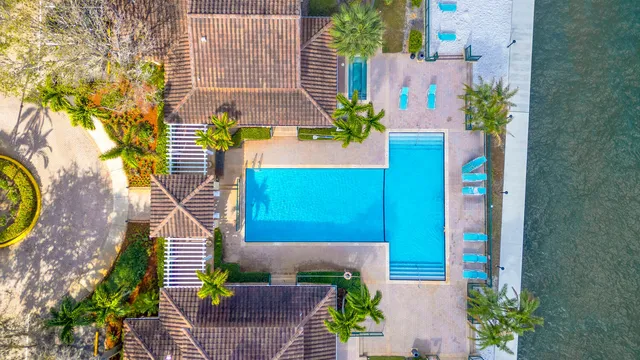 $1,850 | 1135 Lake Shore Drive, Unit 206, Lake Park, FL 33403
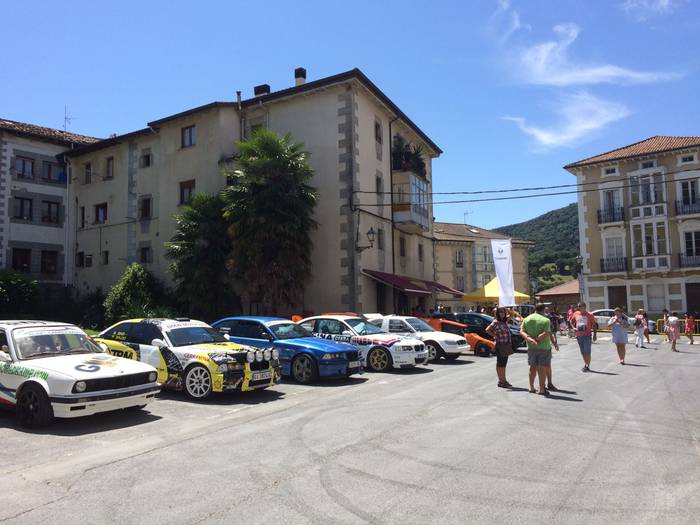 Auto klasikoen erakustaldiar 8 1501334148077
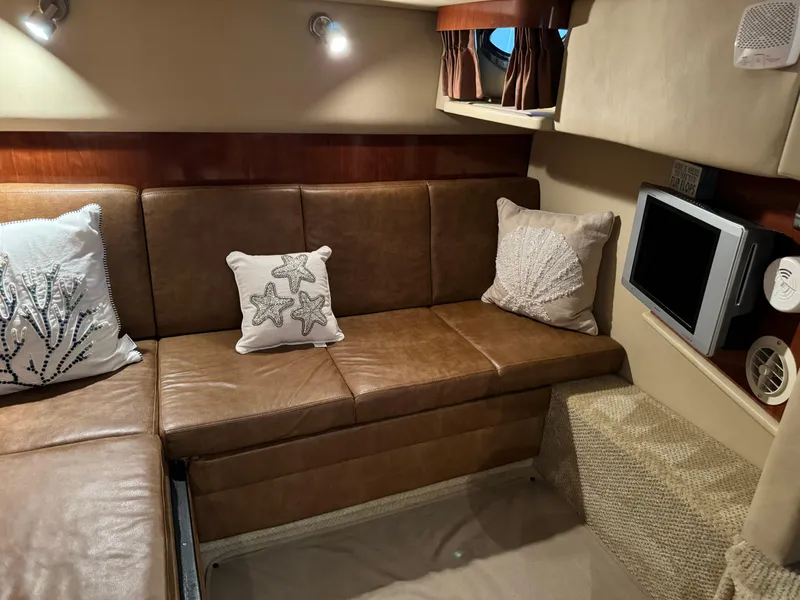 Slide: The Image of Sea Ray 38 Sundancer 2006 - 50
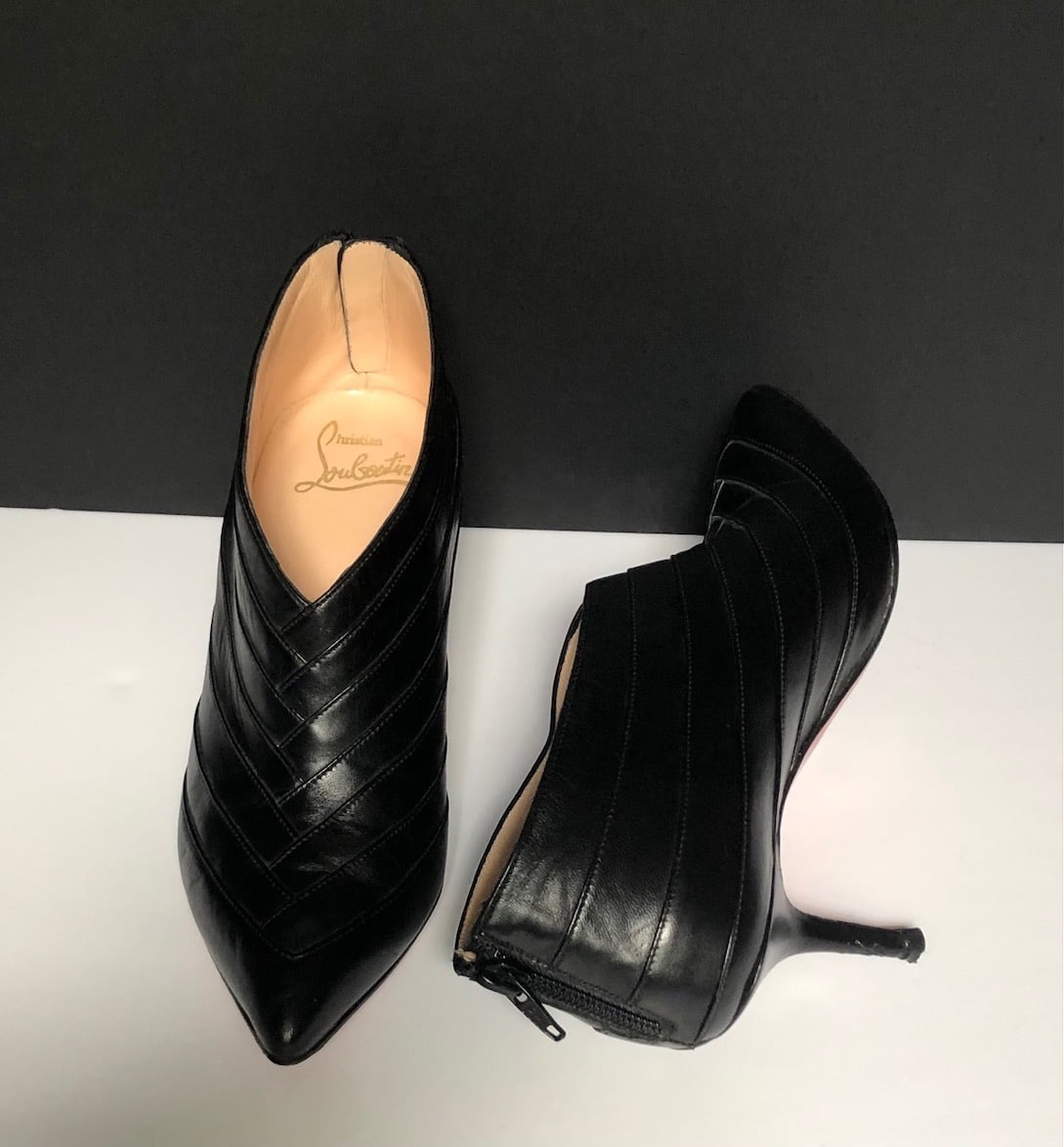 CHRISTIAN LOUBOUTIN Vintage Mulano Black Gold Calf Leather Pumps W/ Red  Soles Size 36 - Chelsea Vintage Couture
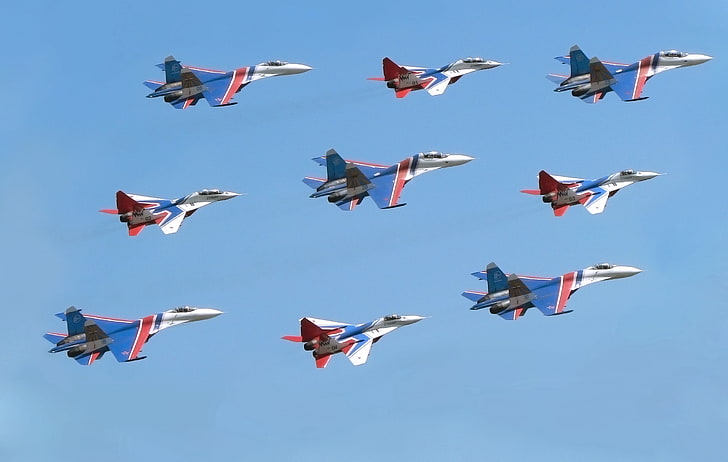 blue-red-and-white fighter aircrafts, The sky, Fighter, Day, Aviation, A lot, Multipurpose, Swifts, MiG 29, Su 27, Russian Knights, The Fourth Generation, HD wallpaper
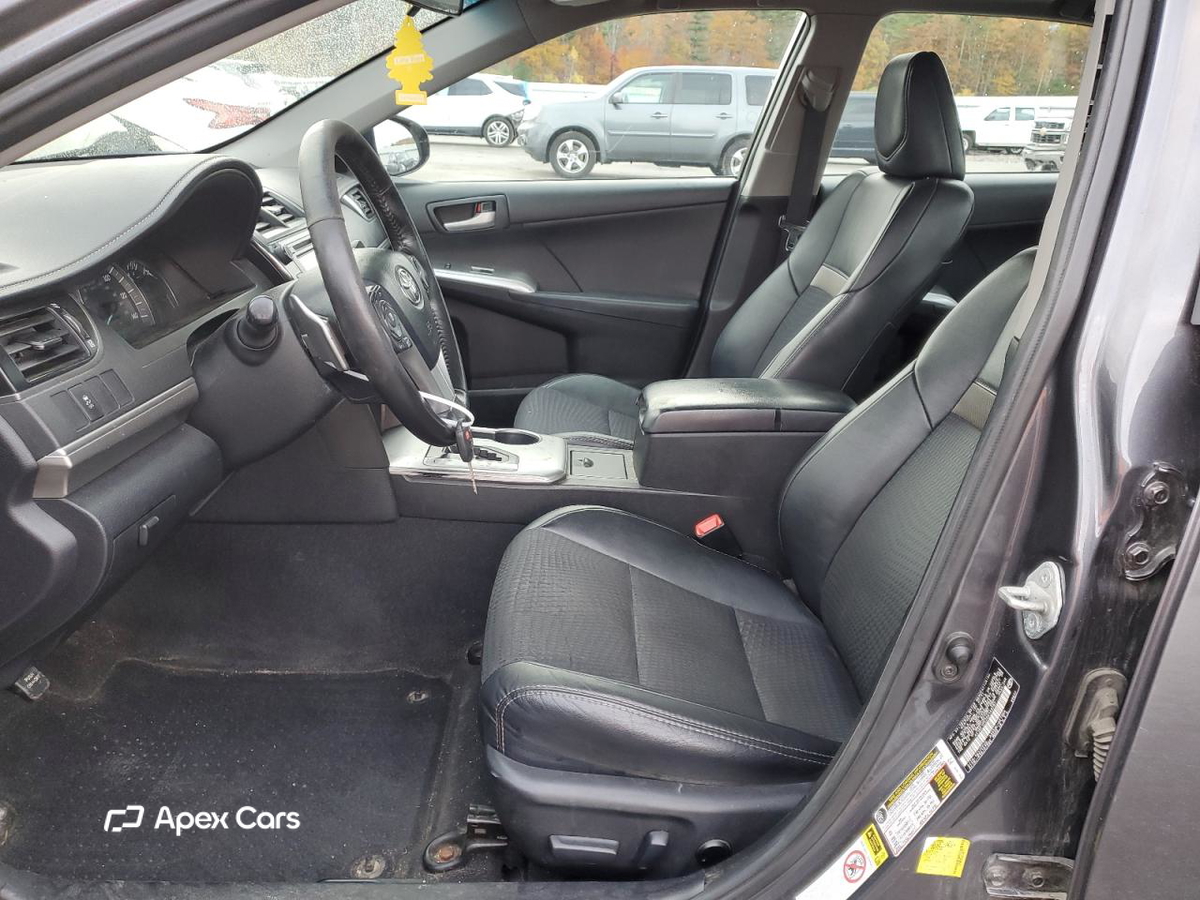 Toyota Camry 2012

> [Aim of the task] Please transcribe exactly the lines from the one containing "blue-red-and-white fighter aircrafts, The" through the final line of the data, including both, and nothing else. Pictures are to be left out.

> [Exercise solution]
 blue-red-and-white fighter aircrafts, The sky, Fighter, Day, Aviation, A lot, Multipurpose, Swifts, MiG 29, Su 27, Russian Knights, The Fourth Generation, HD wallpaper
 Toyota Camry 2012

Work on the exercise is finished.